2. Description of the Prior Art
A copying machine wherein an original image is read photoelectrically by a solid-state image pickup device, typically a CCD (Charge Coupled Device), and image recording is performed based on thus read-out signals, that is, a so-called digital copying machine, has been proposed. Some copying machines provide image file and image transmission functions in addition to the copying functions such as above.
Many machines of this kind are those for regenerating the gradation characteristic of a halftone image, typically of a photograph, in the original artificially by the dither method, and it is generally known to perform the so-called gamma correction by properly selecting from among threshold values forming the dither matrix for the 1:1 correspondence between the density of the original and the density of the reproduced image.

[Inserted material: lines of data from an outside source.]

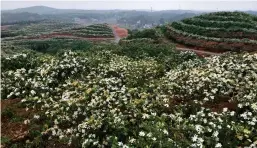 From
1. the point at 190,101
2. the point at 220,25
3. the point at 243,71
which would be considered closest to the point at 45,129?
the point at 190,101

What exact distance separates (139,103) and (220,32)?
4049 centimetres

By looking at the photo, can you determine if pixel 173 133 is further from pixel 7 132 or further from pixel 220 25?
pixel 220 25

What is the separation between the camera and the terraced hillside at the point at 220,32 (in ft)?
143

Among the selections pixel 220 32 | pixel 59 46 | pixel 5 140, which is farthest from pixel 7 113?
pixel 59 46

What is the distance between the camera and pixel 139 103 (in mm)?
13719

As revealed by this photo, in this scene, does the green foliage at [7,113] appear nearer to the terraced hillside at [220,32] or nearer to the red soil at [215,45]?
the red soil at [215,45]

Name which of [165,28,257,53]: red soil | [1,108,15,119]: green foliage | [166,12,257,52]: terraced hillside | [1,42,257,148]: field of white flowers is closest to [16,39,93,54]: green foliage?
[166,12,257,52]: terraced hillside

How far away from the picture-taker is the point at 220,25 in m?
56.5

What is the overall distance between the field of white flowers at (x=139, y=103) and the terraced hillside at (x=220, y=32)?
2476 cm

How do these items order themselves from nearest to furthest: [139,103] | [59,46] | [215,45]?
[139,103], [215,45], [59,46]

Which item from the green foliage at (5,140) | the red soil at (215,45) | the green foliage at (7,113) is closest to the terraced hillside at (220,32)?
the red soil at (215,45)

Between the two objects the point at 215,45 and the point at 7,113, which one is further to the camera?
the point at 215,45

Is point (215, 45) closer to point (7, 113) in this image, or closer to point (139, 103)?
point (139, 103)

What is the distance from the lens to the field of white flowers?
38.4ft
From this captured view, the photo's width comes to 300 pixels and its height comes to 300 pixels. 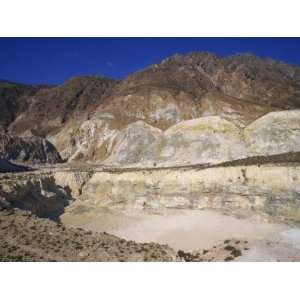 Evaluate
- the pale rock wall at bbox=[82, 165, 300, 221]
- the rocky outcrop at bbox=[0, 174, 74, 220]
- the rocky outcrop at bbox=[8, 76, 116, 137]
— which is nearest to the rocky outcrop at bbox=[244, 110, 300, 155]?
the pale rock wall at bbox=[82, 165, 300, 221]

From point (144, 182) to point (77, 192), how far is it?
29.4 feet

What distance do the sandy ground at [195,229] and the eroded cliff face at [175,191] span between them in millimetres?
1133

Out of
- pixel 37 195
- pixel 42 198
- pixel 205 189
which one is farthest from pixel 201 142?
pixel 37 195

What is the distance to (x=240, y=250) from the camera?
→ 14984 mm

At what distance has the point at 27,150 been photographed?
2283 inches

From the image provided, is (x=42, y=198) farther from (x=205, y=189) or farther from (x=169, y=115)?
(x=169, y=115)

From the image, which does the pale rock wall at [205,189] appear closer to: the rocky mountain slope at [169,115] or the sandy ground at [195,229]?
the sandy ground at [195,229]

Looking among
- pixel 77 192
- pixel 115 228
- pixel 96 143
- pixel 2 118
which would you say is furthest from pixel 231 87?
pixel 2 118

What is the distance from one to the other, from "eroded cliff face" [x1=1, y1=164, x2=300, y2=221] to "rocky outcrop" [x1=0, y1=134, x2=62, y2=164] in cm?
2591

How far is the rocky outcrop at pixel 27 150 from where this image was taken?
179ft

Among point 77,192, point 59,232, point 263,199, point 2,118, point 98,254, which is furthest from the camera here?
point 2,118

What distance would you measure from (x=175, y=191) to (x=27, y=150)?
134ft

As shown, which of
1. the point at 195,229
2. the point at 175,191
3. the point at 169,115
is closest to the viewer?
the point at 195,229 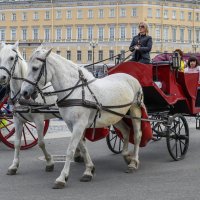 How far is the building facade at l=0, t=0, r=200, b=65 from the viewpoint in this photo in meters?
73.8

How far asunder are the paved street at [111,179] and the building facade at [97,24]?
64.0m

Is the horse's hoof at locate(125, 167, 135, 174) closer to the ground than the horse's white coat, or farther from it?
closer to the ground

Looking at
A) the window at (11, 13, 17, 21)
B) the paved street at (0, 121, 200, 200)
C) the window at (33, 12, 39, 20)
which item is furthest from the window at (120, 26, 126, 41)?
the paved street at (0, 121, 200, 200)

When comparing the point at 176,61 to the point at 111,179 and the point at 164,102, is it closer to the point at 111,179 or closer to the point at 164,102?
the point at 164,102

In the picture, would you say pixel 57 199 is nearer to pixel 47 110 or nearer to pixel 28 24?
pixel 47 110

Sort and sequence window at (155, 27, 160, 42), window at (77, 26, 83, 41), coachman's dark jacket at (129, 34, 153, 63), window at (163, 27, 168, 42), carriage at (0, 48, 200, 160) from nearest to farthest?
carriage at (0, 48, 200, 160)
coachman's dark jacket at (129, 34, 153, 63)
window at (155, 27, 160, 42)
window at (163, 27, 168, 42)
window at (77, 26, 83, 41)

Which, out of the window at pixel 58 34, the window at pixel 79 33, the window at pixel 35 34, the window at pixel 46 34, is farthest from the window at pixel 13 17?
the window at pixel 79 33

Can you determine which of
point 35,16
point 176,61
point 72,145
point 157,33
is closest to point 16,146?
point 72,145

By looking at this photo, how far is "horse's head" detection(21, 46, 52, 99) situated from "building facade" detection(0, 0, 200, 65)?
217ft

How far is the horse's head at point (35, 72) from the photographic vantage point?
6.47 m

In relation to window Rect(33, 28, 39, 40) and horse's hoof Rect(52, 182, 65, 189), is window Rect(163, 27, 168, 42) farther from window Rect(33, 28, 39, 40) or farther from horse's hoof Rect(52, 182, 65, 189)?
horse's hoof Rect(52, 182, 65, 189)

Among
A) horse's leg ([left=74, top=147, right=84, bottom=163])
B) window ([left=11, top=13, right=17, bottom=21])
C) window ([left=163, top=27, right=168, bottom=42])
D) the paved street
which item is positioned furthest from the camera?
window ([left=11, top=13, right=17, bottom=21])

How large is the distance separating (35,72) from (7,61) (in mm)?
1049

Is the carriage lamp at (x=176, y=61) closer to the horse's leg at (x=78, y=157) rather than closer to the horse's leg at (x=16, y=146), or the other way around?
the horse's leg at (x=78, y=157) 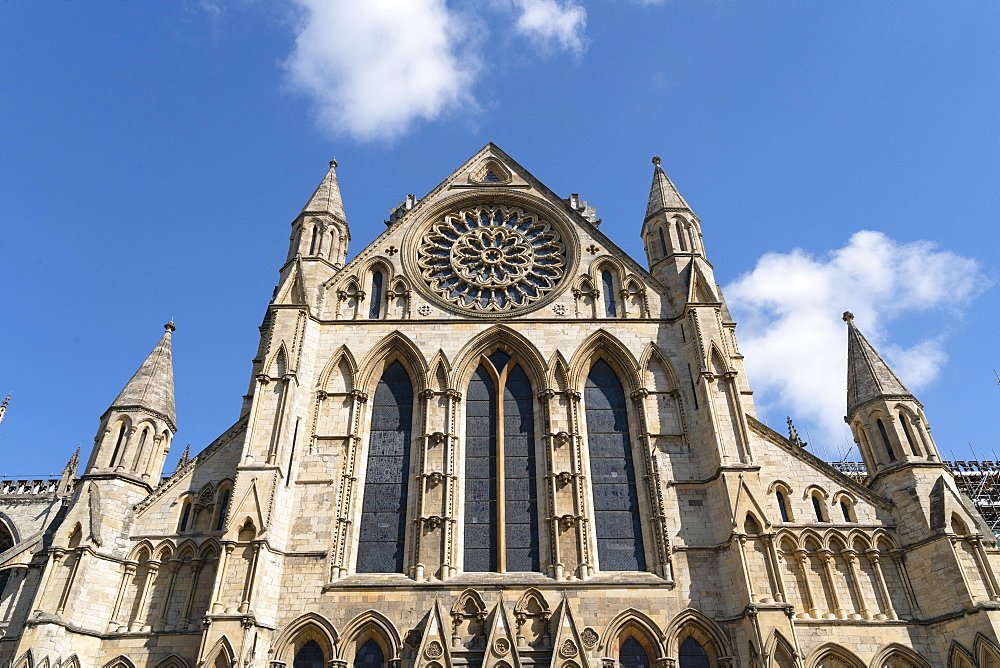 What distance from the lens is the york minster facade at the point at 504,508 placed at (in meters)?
14.8

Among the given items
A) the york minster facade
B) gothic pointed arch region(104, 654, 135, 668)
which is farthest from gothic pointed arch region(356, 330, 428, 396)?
gothic pointed arch region(104, 654, 135, 668)

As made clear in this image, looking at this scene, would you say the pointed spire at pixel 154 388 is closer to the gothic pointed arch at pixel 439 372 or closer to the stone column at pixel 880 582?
the gothic pointed arch at pixel 439 372

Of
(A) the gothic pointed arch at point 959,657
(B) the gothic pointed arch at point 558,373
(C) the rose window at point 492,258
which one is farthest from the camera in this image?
(C) the rose window at point 492,258

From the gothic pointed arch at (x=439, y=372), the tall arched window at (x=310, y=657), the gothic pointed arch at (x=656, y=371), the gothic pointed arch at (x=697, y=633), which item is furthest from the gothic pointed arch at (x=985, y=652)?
the tall arched window at (x=310, y=657)

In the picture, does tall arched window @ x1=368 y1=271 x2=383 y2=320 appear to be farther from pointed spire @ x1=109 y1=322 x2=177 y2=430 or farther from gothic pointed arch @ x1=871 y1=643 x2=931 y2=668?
gothic pointed arch @ x1=871 y1=643 x2=931 y2=668

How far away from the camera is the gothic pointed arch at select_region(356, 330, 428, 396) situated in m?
19.0

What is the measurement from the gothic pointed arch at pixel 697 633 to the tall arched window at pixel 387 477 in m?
5.95

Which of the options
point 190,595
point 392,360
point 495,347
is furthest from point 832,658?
point 190,595

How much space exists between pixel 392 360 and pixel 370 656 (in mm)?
7612

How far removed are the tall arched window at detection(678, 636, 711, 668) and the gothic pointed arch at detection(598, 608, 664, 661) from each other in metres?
0.60

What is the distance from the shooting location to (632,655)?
49.1 feet

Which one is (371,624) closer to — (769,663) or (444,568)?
(444,568)

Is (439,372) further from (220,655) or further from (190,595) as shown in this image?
(220,655)

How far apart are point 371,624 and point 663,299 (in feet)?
37.6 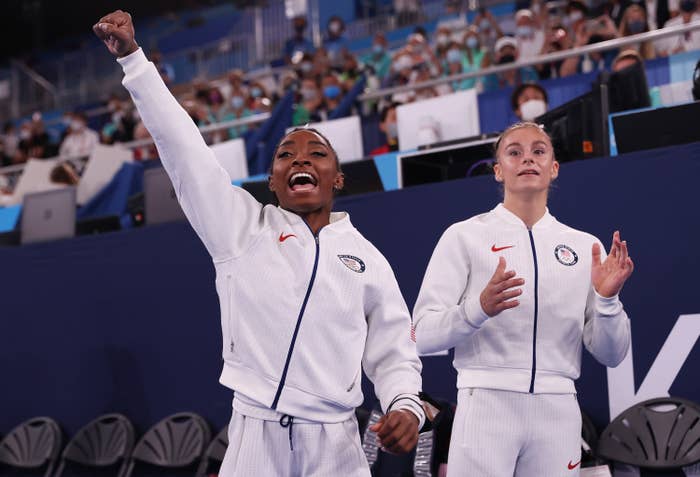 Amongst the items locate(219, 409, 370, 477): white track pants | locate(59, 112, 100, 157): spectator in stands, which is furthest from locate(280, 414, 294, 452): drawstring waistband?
locate(59, 112, 100, 157): spectator in stands

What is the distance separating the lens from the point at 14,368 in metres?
5.54

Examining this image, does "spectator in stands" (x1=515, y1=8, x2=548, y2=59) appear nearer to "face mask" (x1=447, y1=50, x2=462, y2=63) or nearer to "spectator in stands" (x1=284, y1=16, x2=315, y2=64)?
"face mask" (x1=447, y1=50, x2=462, y2=63)

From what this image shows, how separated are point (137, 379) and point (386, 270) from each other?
310cm

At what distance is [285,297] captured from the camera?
2.27m

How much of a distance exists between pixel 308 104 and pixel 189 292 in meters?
3.79

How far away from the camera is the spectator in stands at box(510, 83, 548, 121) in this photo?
5.81 metres

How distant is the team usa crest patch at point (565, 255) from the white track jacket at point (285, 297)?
0.69 meters

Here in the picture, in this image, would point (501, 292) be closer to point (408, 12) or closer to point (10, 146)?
point (10, 146)

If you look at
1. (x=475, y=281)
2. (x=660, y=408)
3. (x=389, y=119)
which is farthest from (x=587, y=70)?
(x=475, y=281)

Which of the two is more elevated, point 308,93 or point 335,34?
point 335,34

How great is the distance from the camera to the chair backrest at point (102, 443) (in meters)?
4.92

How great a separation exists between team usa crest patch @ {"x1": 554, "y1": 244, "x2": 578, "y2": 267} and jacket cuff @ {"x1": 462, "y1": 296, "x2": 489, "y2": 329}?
0.40 meters

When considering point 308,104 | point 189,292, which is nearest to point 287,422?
point 189,292

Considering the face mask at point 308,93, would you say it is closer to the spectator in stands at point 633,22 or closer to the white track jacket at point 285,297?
the spectator in stands at point 633,22
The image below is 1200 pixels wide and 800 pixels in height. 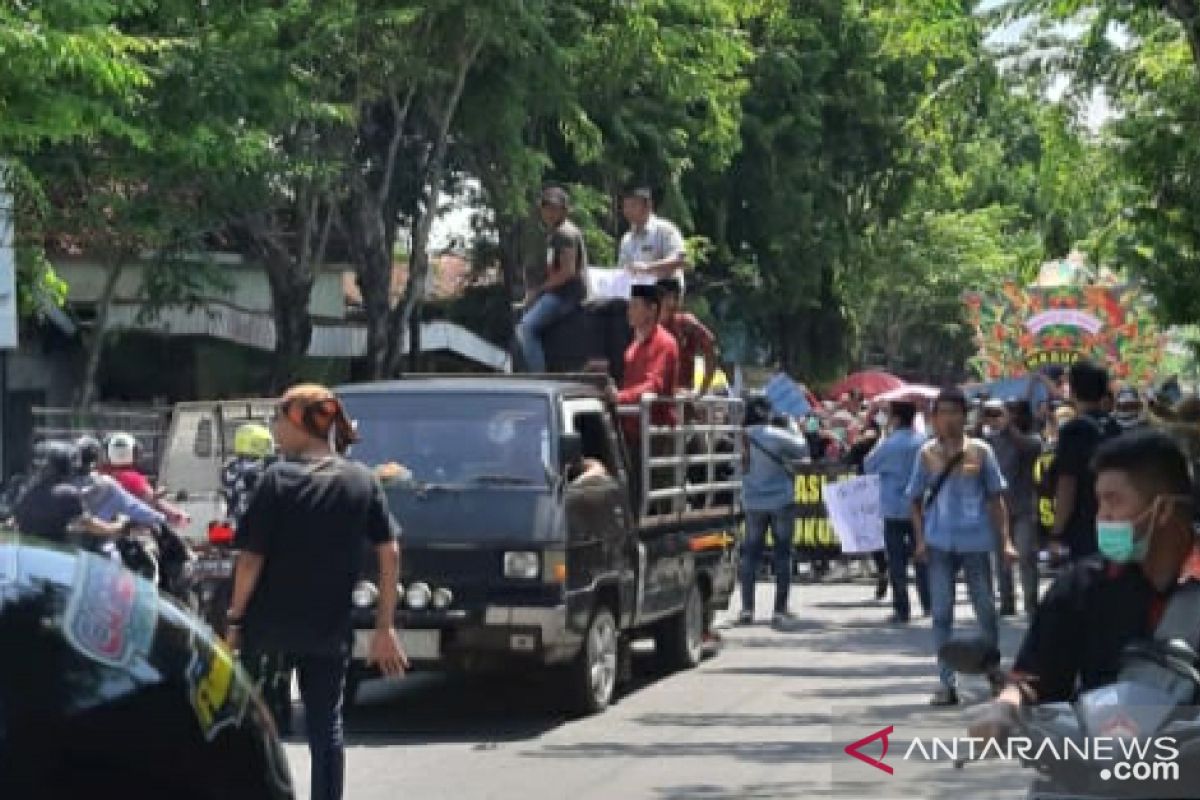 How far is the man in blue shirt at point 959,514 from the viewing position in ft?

FIG. 1 illustrates the image reproduction characteristics according to the above gamma correction. Area 1 shows a density detection characteristic (reader characteristic) in relation to the original density D.sub.0 and the output V of a solid-state image pickup device, and there an example is shown that an analog signal of 0 V is generated when D.sub.0 =0.1 and one of about 1.0 V is generated when D.sub.0 =2.0 (that is, black) is shown. Area 3 shows a printer characteristic which is the relationship between the number of dots K per unit area (hereinafter referred to as the cumulative frequency) and the density Dp of the reproduced image, and it is shown that by printing 16 dots in a unit area the density Dp becomes 2.0 (that is, black) and that image reproduction becomes possible at the density of Dp=0.1 by printing no dots. Here, an example showing that as many as 16 levels of density can be obtained by the use of a 4.times.4 dither matrix is given. Area 2 shows a dither characteristic, and shows a curve to determine the number of dots (up to a range of zero to 16 dots) which should be printed for achieving the image reproduction of the density equal to the original density for a density signal detected within the output range from 0 V to 1.0 V of the solid-state image pickup device.
Accordingly, now, when an original density Dd (shown in FIG. 1) has been detected, it is known how the density of reproduced image equal thereto can be obtained in the area 4 by following an arrow.
On the other hand, if the density relationship between a desired reproduced image and the original is given in the area 4, any desired dither characteristic (gamma correction curve) in the area 2 can be set considering the reader and printer characteristic curves of the areas 1 and 3.
Generally, for realizing the density of 16 gradations by the dither method, an analog video signal indicating the original density is converted to a digital value, and binary data indicating whether or not dots are to be printed is formed by comparing the resultant digital value with the threshold values (dither pattern threshold value group) stored in a advance in a memory. That is, the analog signal is converted to a binary signal. Here, for the gamma correction using a curve required in the area 2, it is necessary that a video signal be digitized by the resolution of at least the reproduced image density levels (16 levels in this example), and the larger the number of levels, the more abruptly changing a curve in the area 2 can be realized in the digital fashion.
As can be seen for the characteristic in the area 2, however, even if digitization is made to a great many levels, the output change factor in the intermediate area of 0 to 1 V is small so that there is no favorable effect of digitizing to many levels, and providing a multi-level A/D converter is of little benefit.